* [What is required] Could you write out the line containing "a bathroom with" and all the lines below it in the data, exactly, through the final one and nothing else?

* [Dataset content]

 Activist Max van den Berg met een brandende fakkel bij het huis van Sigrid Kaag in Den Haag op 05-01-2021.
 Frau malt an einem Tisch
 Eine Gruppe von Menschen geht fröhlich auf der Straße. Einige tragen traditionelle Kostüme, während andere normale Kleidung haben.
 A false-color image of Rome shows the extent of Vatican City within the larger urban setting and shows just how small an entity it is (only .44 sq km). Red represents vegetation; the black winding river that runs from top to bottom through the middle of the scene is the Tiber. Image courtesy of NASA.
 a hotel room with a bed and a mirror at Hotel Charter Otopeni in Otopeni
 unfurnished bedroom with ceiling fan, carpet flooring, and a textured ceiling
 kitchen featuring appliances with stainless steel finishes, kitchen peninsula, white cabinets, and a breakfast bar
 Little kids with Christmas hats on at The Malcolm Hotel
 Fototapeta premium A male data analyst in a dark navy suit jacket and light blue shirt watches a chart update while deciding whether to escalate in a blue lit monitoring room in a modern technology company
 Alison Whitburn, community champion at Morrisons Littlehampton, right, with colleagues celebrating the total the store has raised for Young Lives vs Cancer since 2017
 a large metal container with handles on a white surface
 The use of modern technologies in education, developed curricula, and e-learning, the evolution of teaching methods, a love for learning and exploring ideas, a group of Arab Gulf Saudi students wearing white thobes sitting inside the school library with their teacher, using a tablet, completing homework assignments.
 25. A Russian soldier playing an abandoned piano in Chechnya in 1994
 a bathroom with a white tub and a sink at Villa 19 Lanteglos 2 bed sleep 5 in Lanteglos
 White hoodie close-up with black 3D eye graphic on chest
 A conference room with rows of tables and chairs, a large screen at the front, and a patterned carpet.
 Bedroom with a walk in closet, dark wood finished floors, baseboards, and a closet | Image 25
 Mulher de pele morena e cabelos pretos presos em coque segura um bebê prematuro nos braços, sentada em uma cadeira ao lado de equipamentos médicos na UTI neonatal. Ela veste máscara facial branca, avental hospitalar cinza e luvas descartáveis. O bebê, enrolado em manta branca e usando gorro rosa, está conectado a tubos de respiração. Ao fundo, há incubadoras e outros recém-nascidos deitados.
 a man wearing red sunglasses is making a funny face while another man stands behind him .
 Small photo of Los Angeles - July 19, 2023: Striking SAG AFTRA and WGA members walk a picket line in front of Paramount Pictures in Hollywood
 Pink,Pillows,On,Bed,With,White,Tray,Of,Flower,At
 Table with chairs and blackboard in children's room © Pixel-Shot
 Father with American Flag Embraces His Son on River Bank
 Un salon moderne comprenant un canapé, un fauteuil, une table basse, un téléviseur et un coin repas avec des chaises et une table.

* [Solution to this exercise]
 a bathroom with a white tub and a sink at Villa 19 Lanteglos 2 bed sleep 5 in Lanteglos
 White hoodie close-up with black 3D eye graphic on chest
 A conference room with rows of tables and chairs, a large screen at the front, and a patterned carpet.
 Bedroom with a walk in closet, dark wood finished floors, baseboards, and a closet | Image 25
 Mulher de pele morena e cabelos pretos presos em coque segura um bebê prematuro nos braços, sentada em uma cadeira ao lado de equipamentos médicos na UTI neonatal. Ela veste máscara facial branca, avental hospitalar cinza e luvas descartáveis. O bebê, enrolado em manta branca e usando gorro rosa, está conectado a tubos de respiração. Ao fundo, há incubadoras e outros recém-nascidos deitados.
 a man wearing red sunglasses is making a funny face while another man stands behind him .
 Small photo of Los Angeles - July 19, 2023: Striking SAG AFTRA and WGA members walk a picket line in front of Paramount Pictures in Hollywood
 Pink,Pillows,On,Bed,With,White,Tray,Of,Flower,At
 Table with chairs and blackboard in children's room © Pixel-Shot
 Father with American Flag Embraces His Son on River Bank
 Un salon moderne comprenant un canapé, un fauteuil, une table basse, un téléviseur et un coin repas avec des chaises et une table.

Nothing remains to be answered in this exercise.